Voltando ao mote com que iniciamos: “os gregos aprenderam para compreender, os
hebreus para reverenciar” diremos agora a mesma coisa para as outras religiões,
e que a religião hebraica partilhou muita coisa das outras religiões. A
Pontifícia Comissão Biblica nos diz: “O estudo das múltiplas formas de
paralelismo permite um melhor discernimento da estrutura literária dos textos
bíblicos”; e “todos se baseiam numa cosmologia já ultrapassada”. Denuncia
também a leitura fundamentalista como sendo “uma grande estreiteza de visão ao
analisar certos episódios só porque encontram-se na Bíblia”. E afirma a
necessidade de uma interpretação no hoje do nosso mundo porque “os textos da
Bíblia são a expressão de tradições religiosas que existiam antes deles, os quais foram retrabalhados e
reinterpretados para responderem a situações novas desconhecidas
anteriormente”. (Pont. Com. Bíblica, 1994).

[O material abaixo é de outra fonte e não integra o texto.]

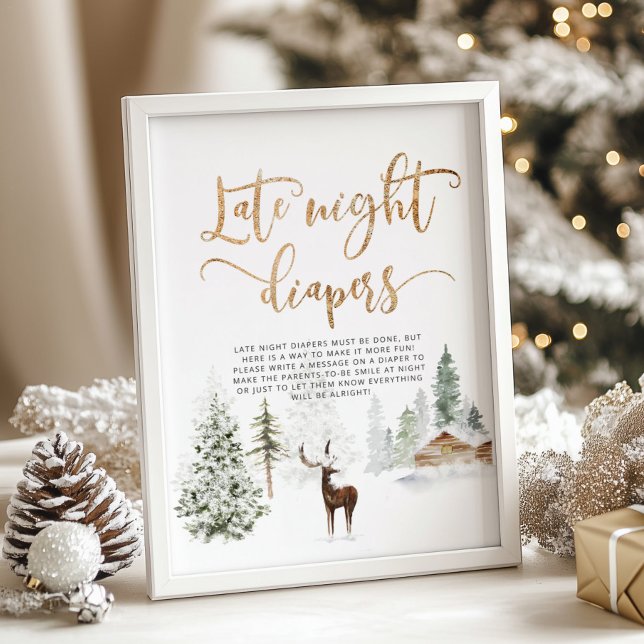 Poster Bois d'hiver Late couche de nuit (Créateur téléchargé)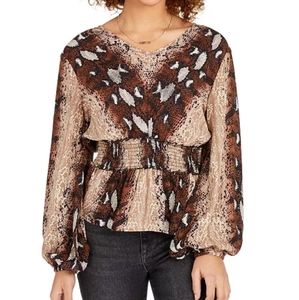 Angie snake print peplum top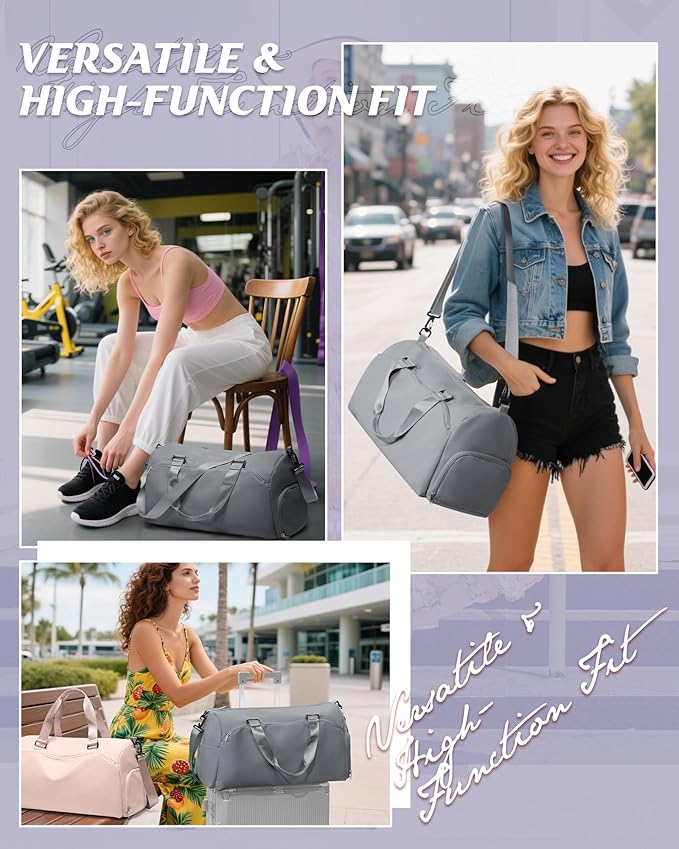 Gym Bag for Women with Shoe Compartment Lightweight Travel Duffle Bags Carry on Bag Overnight Weekender Duffel Bag with Wet Pocket Personal Item Travel Bag Tote Bag Workout Dance Bag Grey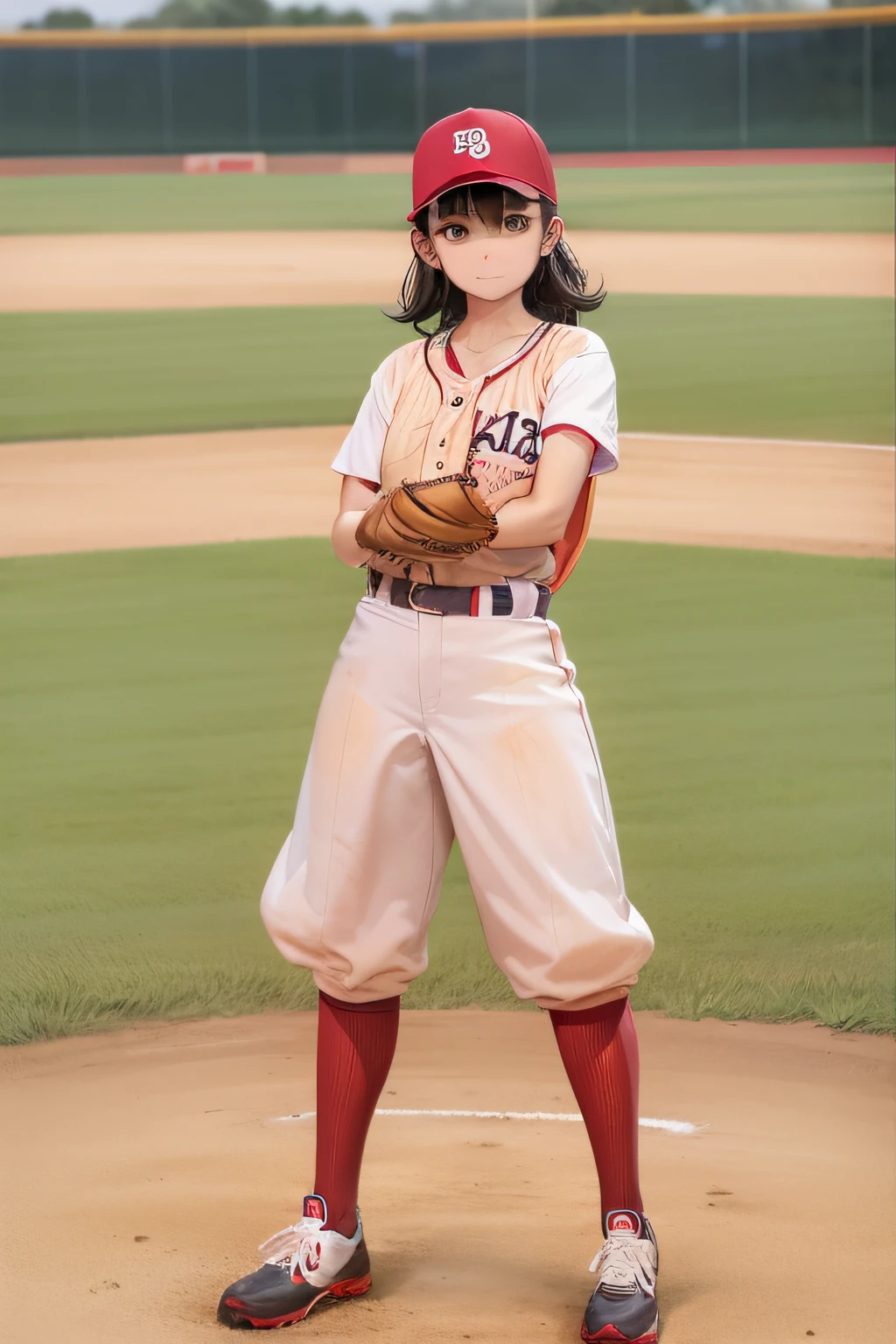 1 woman、Baseball Uniforms、baseball field、Looking at the camera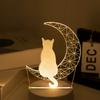 USB-Powered 3D Moon Cat Night Light - Cute Animal Lamp for Home Decor, Perfect Birthday or Holiday Gift
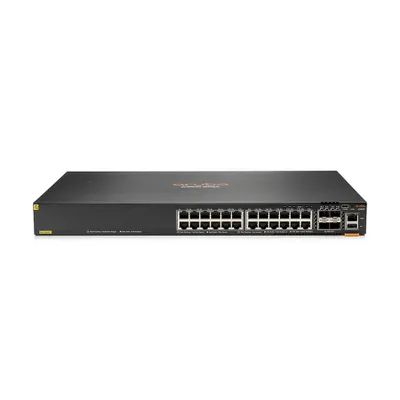 Produktbild von HPE Aruba Networking CX 6300F 24-port 1GbE Class 4 PoE and 4-port SFP56 Switch, Managed, L3, Gigabit Ethernet (10/100/1000), Power over Ethernet (PoE), Rack-Einbau, 1U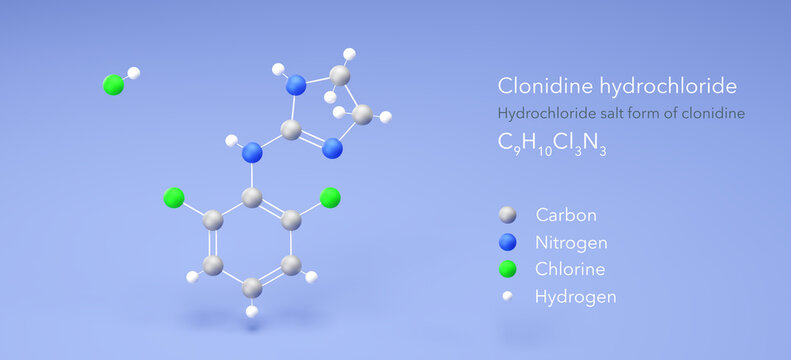 clonidine hydrochloride molecule, molecular structure, hydrochloride salt form of clonidine, 3d model, Structural Chemical Formula and Atoms with Color Coding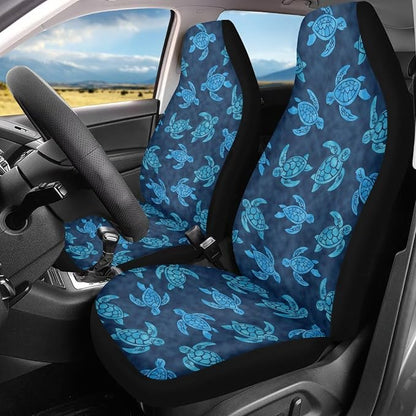 Car Seat Covers Full Set of 2, Blue Sea Turtle Cloth Seat for Auto Front Seats, Breathable Bucket Seat Covers for Cars Car Accessories for Sedan Truck SUV - Image 2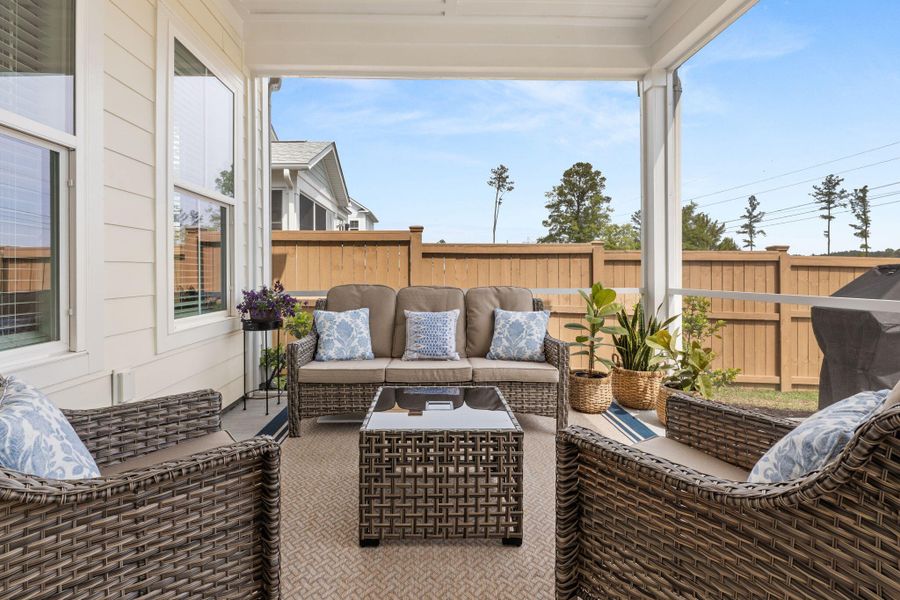 Exterior details and patio area of a home in Midtown at Nexton, Summerville (Image 25).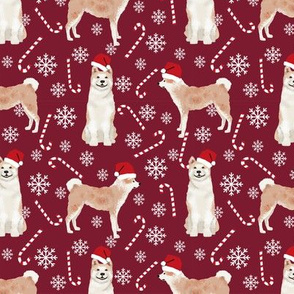 Akita dog breed christmas peppermint sticks candy canes fabric ruby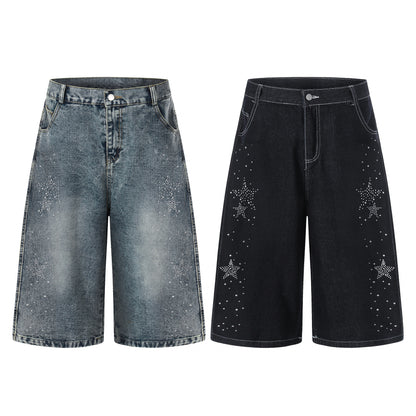 Women's Rhinestone Star Wide-Leg Cropped Jeans - Vintage Loose Fit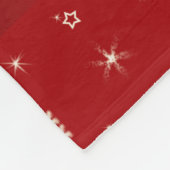 Personalisierter Name Panda Rote Schneeflocken Fleecedecke (Ecke)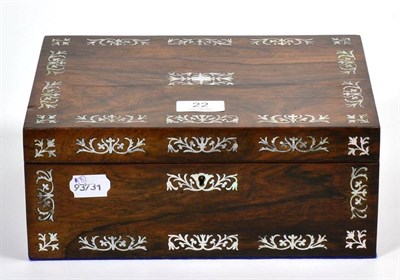Lot 22 - 19th century rosewood and inlaid sewing box, with fitted interior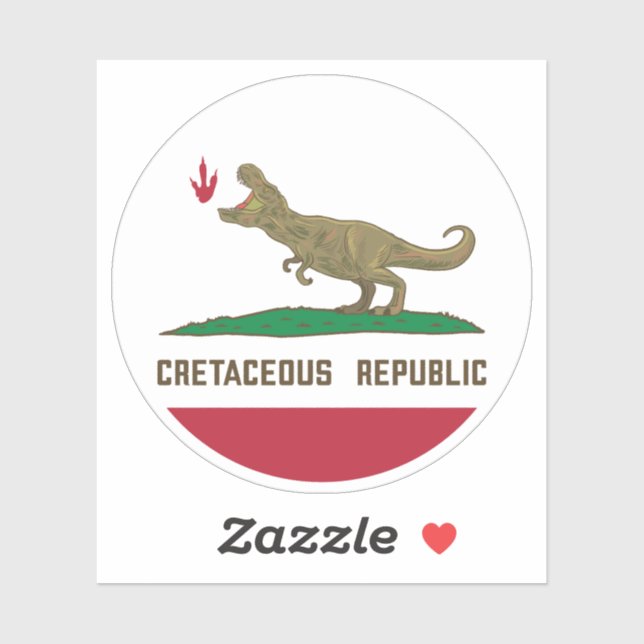 Republik Kalifornien Flag T-rex Dinosaurier Aufkleber (Blatt)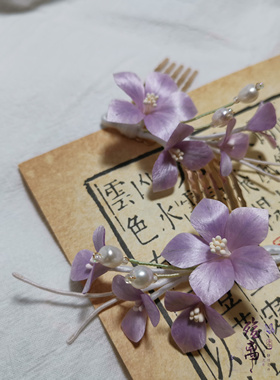 殇离手作发钗蚕丝线日常小清新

Parafraseando então e retomando a
afirmação de Abraham Yoswa concluiremos que a fé dos povos nasceu para
reverenciar enquanto que a ciência é para compreender. E como afirma também
Umberto Galimberti: “raciocinar” é mais dificil do que “crer”(Rastros do Sagrado, p.327) por isso em
tantas nações uma só pessoa passou sua experiência religiosa para multidões, e
sua experiência atingiu facilmente milhões.